In Mormon folklore -- and in the eyes of the outside world -- we Mormons consider the prophets as speaking nothing but the word of God. Every decision, every act, every gesture is to be remembered, pored over, studied, and obeyed, because the prophet does nothing but what the Lord requires of him.

This attitude, if it were true, would make the prophet into something of a puppet, wouldn't it? It wouldn't matter who was President of the Church, because each would act exactly like any other apostle called to serve in that position.

But human beings are not interchangeable, no matter how lofty or humble their calling.

The Lord does not dictate every action of the prophets. They must think things through, try things out, find out what is possible, and wrestle with problems.

Remember when Moses' father-in-law came to him and upbraided him for wearying himself and the people by trying to do all the work of judgment himself? (Exod. 18:13-26). The prophet took Jethro's advice and, in effect, created a church organization.

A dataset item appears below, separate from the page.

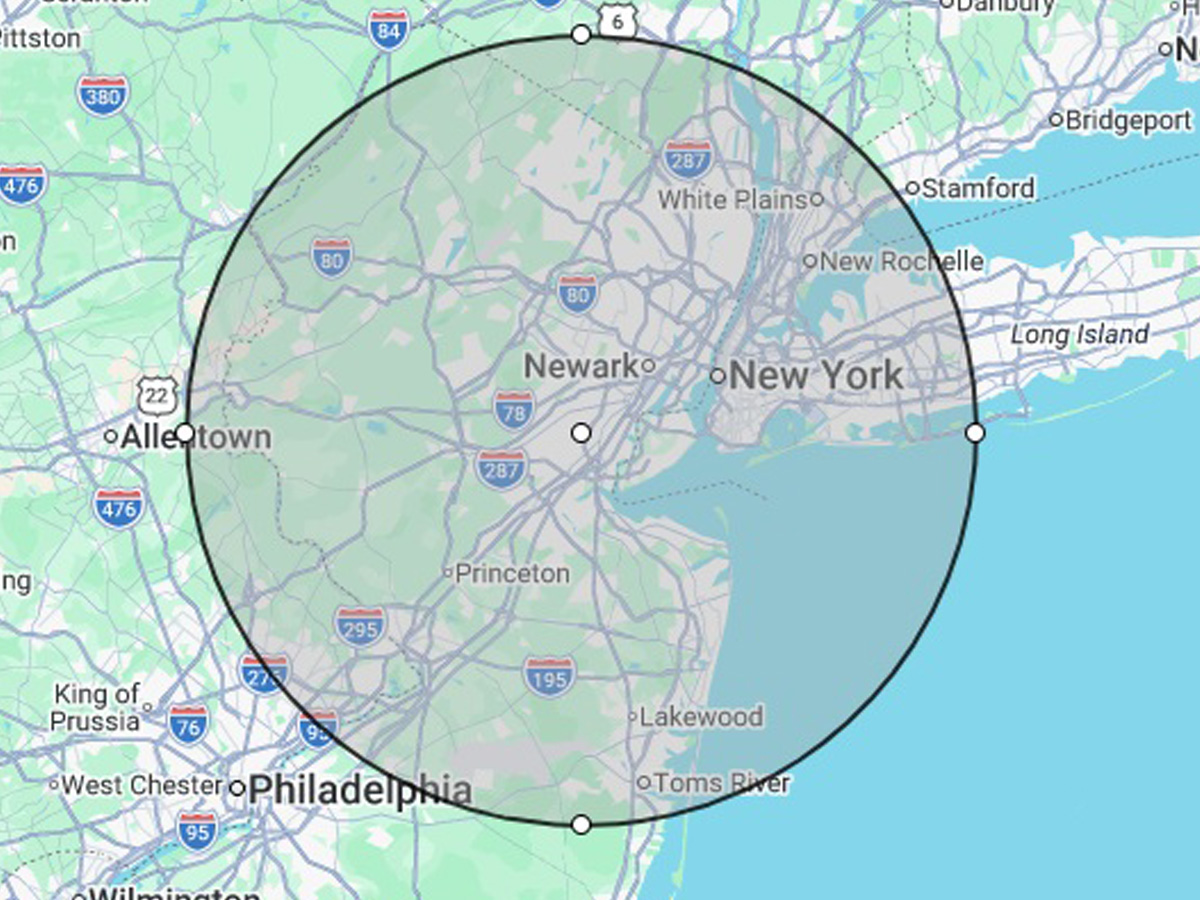 Comprehensive Environmental Services New Jersey Lead Paint Inspection Service Area Map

Moses was just as much a prophet before he made the change as after. His character was such that he could learn. God spoke to Moses frequently, led him visibly -- and yet he did not make Moses his puppet.

There was room for Moses to choose, to invent, to think. To learn and change and grow in his calling.

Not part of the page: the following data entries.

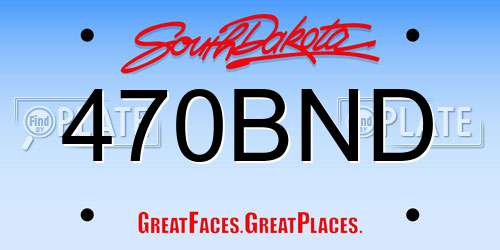 470BND South Dakota License Plate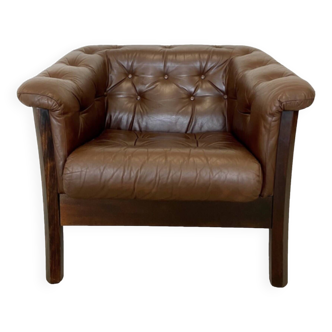 Danish Mid Century Vintage Brown Leather & Rattan Club Chair 1970,S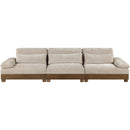  Meridian Turin 135.5" Taupe Fabric Upholstered 3 pc Modular Sofa IMAGE 2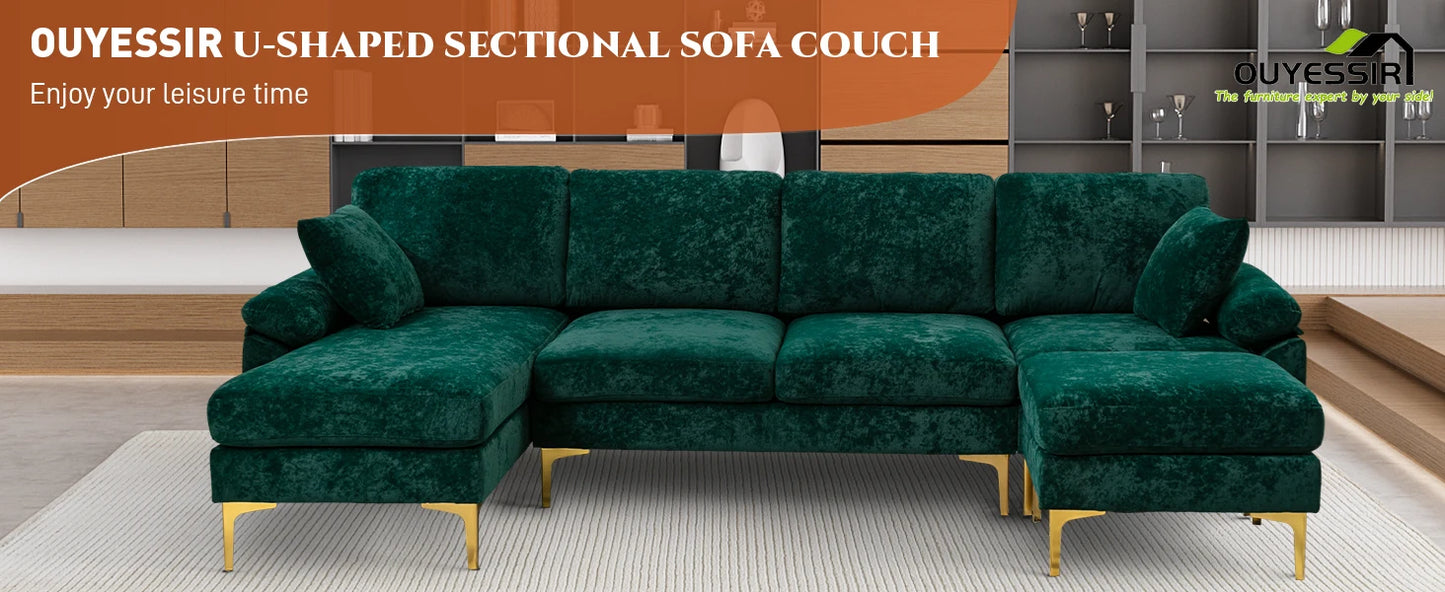 Sofa couch,4 Seat ,L-Shaped Velvet with Chaise Lounge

Joseph Smith made this explicit when he gave us the word of the Lord to Oliver Cowdery: "You have not understood; you supposed that I would give it unto you, when you took no thought save it was to ask me.... You must study it out in your mind; then you must ask me if it be right" (D&C 9:7-8).

It matters who leads us and serves us as prophet. It matters that it was Gordon B. Hinckley who led the Church, during his years as President and previously, when his service was in quiet support of the calling of other prophets whose bodies were so enfeebled that they could not do all that was required of them.

Meeting the People

During the first years of his presidency, sometimes he traveled so much that it seemed he was determined to speak personally to every member of the Church before he died. After so many years of seeing presidents of the Church only on television, suddenly the prophet was everywhere!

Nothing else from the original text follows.